What is needed is an exact copy of the listing, with no pictures in it.

> [COLLECTED DATA]
*** Begin section ***

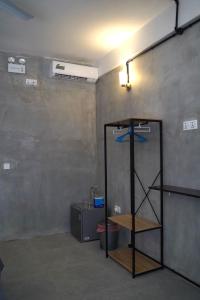 Ванна кімната в Rasdu View Inn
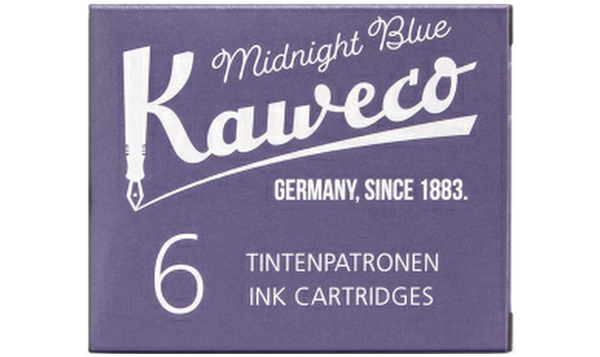 Kaweco Ink Cartridges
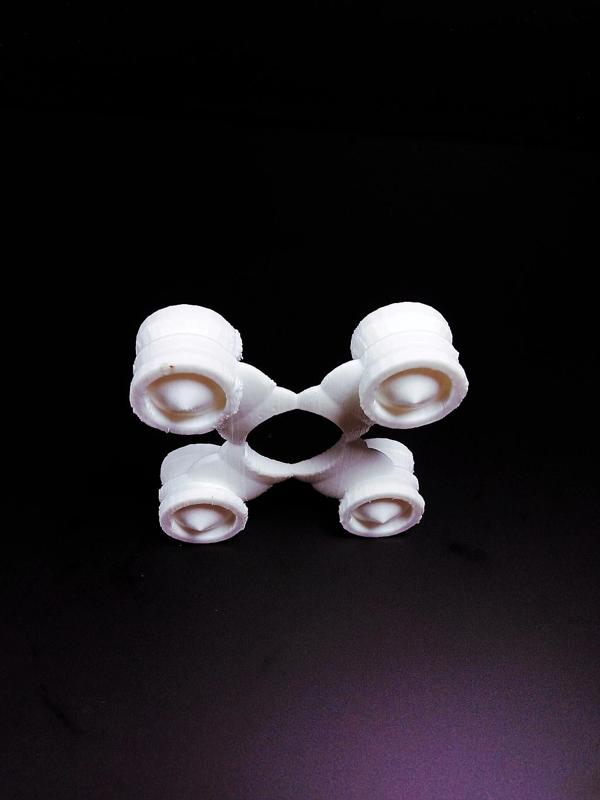 #7: Fidget Spinner 2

*** End section ***

> [EXERCISE RESULT]
 Ванна кімната в Rasdu View Inn
 Kaweco Ink Cartridges
 #7: Fidget Spinner 2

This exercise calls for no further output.